Поэтому я и счел необходимым в качестве идеального поэтического материала указать на мифы, на возникшее в стародавние времена безымянное народное творчество, к которому снова и снова возвращаются великие почты культурных периодов; в мифах почти полностью исчезает условная, объяснимая только абстрактным разумом форма человеческих отношений, зато в них с неподражаемой конкретностью показано только вечно понятное, чисто человеческое, именно это и придает каждому подлинному мифу легко отличимый индивидуальный характер. Вторую часть своей книги я посвятил относящимся к данной проблеме исследованиям и закончил вопросом: какой должна быть самая совершенная форма изложения такого идеального поэтического материала?

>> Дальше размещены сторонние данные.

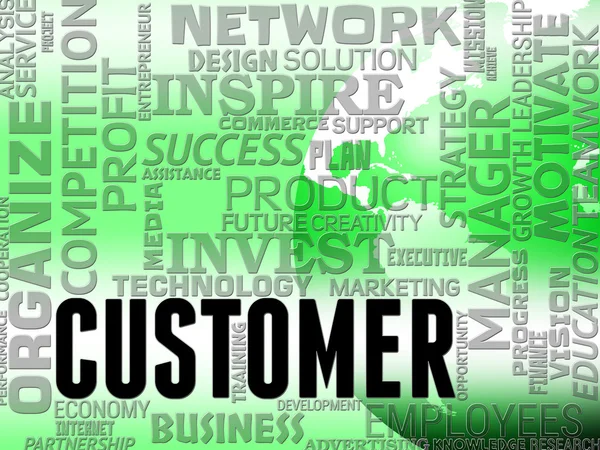 Customer Words Represents Buyers Consumer And Shopper — Stock Photo, Image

В третьей части я углубился в исследование затронутых здесь технических возможностей формы и пришел к выводу, что только музыке, достигшей в наше время необычайно богатого, незнакомого прошлым столетиям развития дано раскрыть эти возможности.
Я сознаю всю важность данного утверждения, и потому мне остается только сожалеть, что я не могу себе позволить развернуто обосновать здесь этот тезис. В вышеупомянутой третьей части я, как мне кажется, обосновал его достаточно убедительно, во всяком случае для себя самого, и теперь, взяв на себя смелость в кратких чертах изложить Вам здесь мой взгляд на этот предмет, я прошу Вас поверить, что те утверждения, которые могут Вам показаться парадоксальными, в книге доказаны во всяком случае более подробно.

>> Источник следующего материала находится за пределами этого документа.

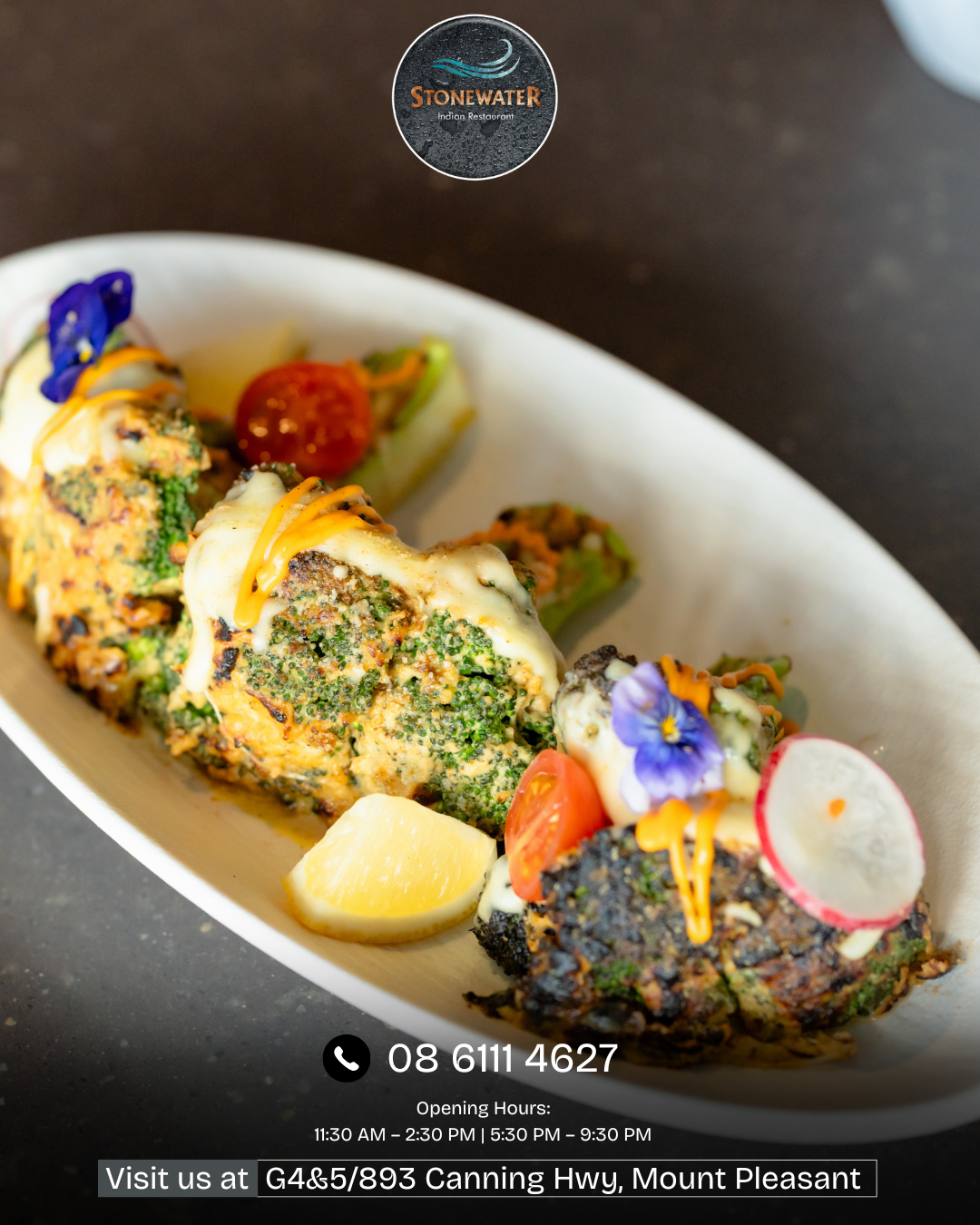 Tandoori broccoli platter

Со времени возрождения изящных искусств у христианских народов Европы два вида искусства получили особое развитие и, бесспорно, достигли такого совершенства, которого не знала классическая древность; я имею в виду живопись и музыку. Не подлежит никакому сомнению, что уже в первый век эпохи Ренессанса живопись приобрела чудесный, идеальный смысл, и характер этого смысла для искусства был так хорошо исследован, что мы здесь укажем только на новизну этого явления в области всеобщей истории искусства, а также на то, что оно — неотъемлемая особенность новейшего искусства. В еще более высокой и, как я думаю, более значительной степени можно это утверждать о современной музыке. Совершенно не известная старому миру гармония, ее необычайно широкое развитие и богатое использование при посредстве полифонии — дело последних столетий.